### Naive Bayes (Classifier) - Gaussian Naive Bayes

#### Predicting Personal Loan Acceptance Based on Naive Bayes Classifier

- The file **UniversalBank.csv** contains data on 5000 customers of Universal Bank. The data include customer demographic information (age, income, etc.), the customer's relationship with the bank (mortgage, securities account, etc.), and the customer response to the last personal loan campaign (Personal Loan). Among these 5000 customers, only 480 (=9.6%) accepted the personal loan that was offered to them in the earlier campaign. 
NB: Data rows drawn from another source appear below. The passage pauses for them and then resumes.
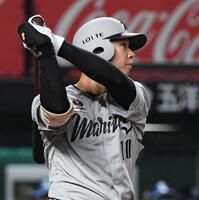 　４回、上田は右中間にプロ１号となる逆転２ランを放つ（撮影・佐藤厚）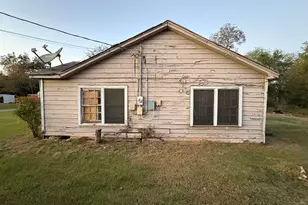 318 Terry St, Pittsburg, TX 75686 - Photo 3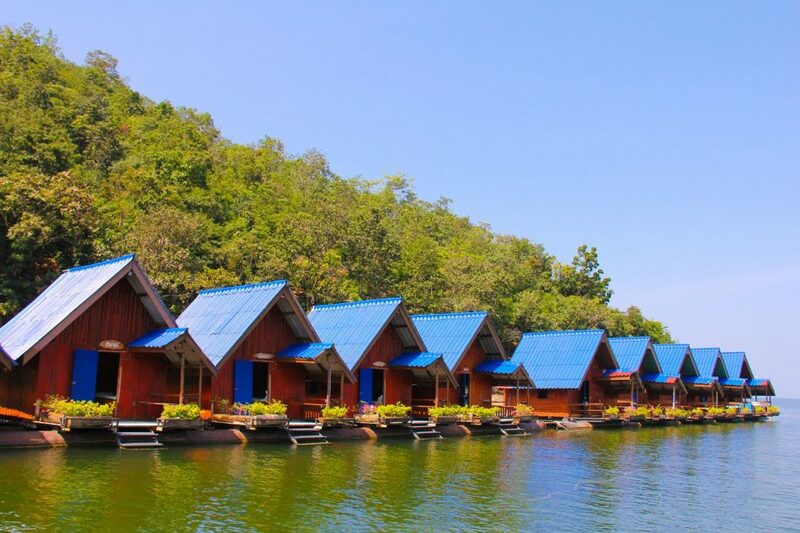 top 7+ แพที่พักกาญจนบุรี 2567 มีเครื่องเล่นกลางน้ำ สไลเดอร์สุดมันส์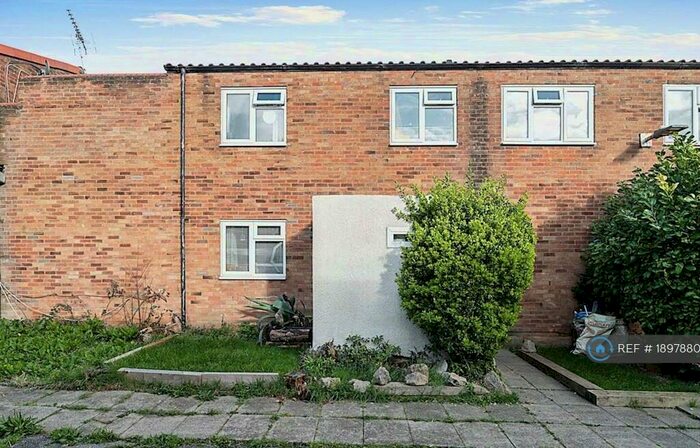 5 Bedroom Terraced House To Rent In Elm Green, Basildon, SS13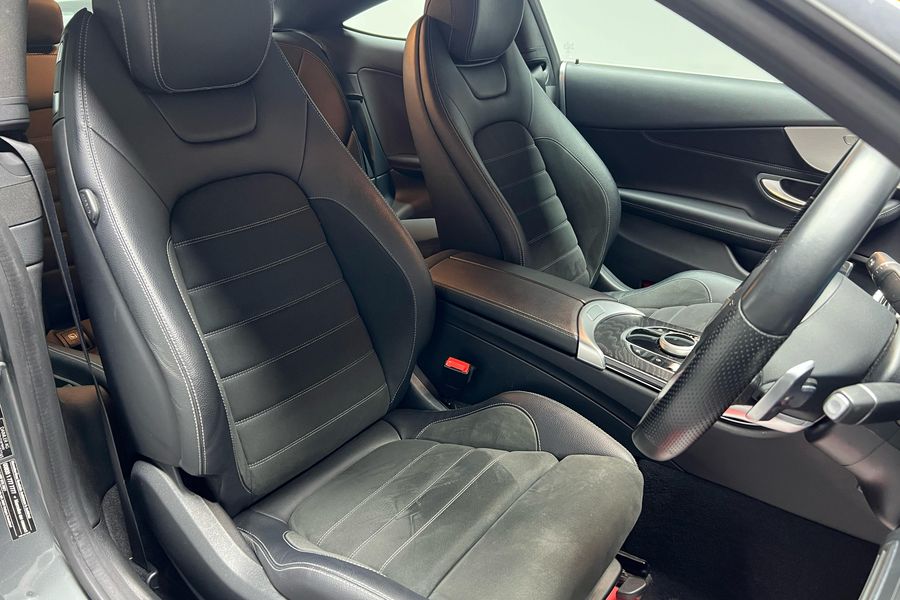 2019 Mercedes-Benz C200 AMG-line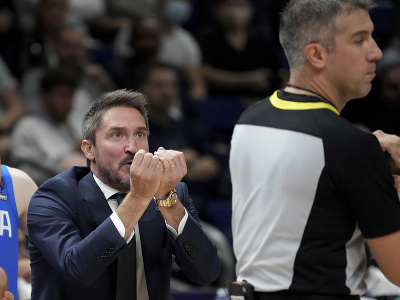 Tréner Gianmarco Pozzecco na lavičke Talianska v súboji so Srbskom neskrýval emócie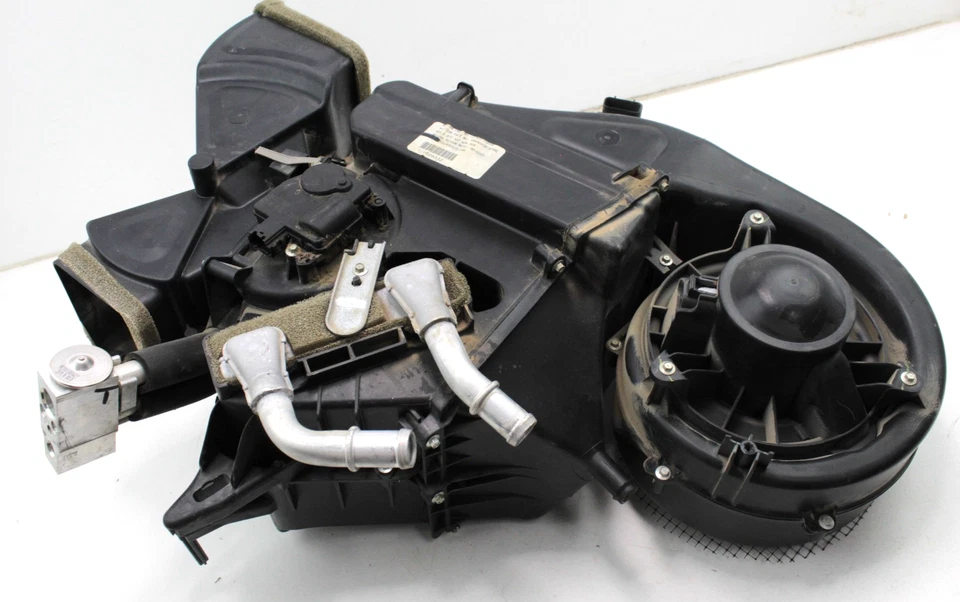 2005 - 2014 年日产 Armada 后交流蒸发器组件 27400-ZQ00A 原始设备制造商 — 第 1/4 张图片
A brief description of the 14 variables are given below:

1. ID: Customer ID 
2. Age: Customer's age in completed year 
3. Experience: # years of professional experience 
4. Income: Annual income of the customer (1,000) 
5. ZIPcode: Home address ZIP code 
6. Family: Family size of the customer 
7. CCAvg: Average monthly credit card spending (1, 000) 
8. Education: Education level: 1: undergrad; 2, Graduate; 3; Advance/Professional 
9. Mortgage: Value of house mortgage if any (1, 000) 
10. Personal loan: Did this customer accept the personal loan offered in he last campaign? 1, yes; 0, no 
11. Securities Acct: Does the customer have a securities account with the bank? 
12. CD Account: Does the customer have a certifcate of deposit (CD) account with the bank? 
13. Online: Does the customer use internet bank facilities? 
14. CreditCard: Does the customer use a credit card issued by the Bank?

In [None]:
# Import useful libararies used for data management

import numpy as np
import pandas as pd

# load dataset 'UniversalBank.csv', using 'ID' as index column

data = pd.read_csv('UniversalBank.csv', index_col='ID')

In [None]:
data.head()

In [None]:
data.describe()

In [None]:
# define independent attributes 
features = ['Age','Experience','Income','Family','CCAvg','Education','Mortgage','Securities Account', 'CD Account', 'Online', 'CreditCard']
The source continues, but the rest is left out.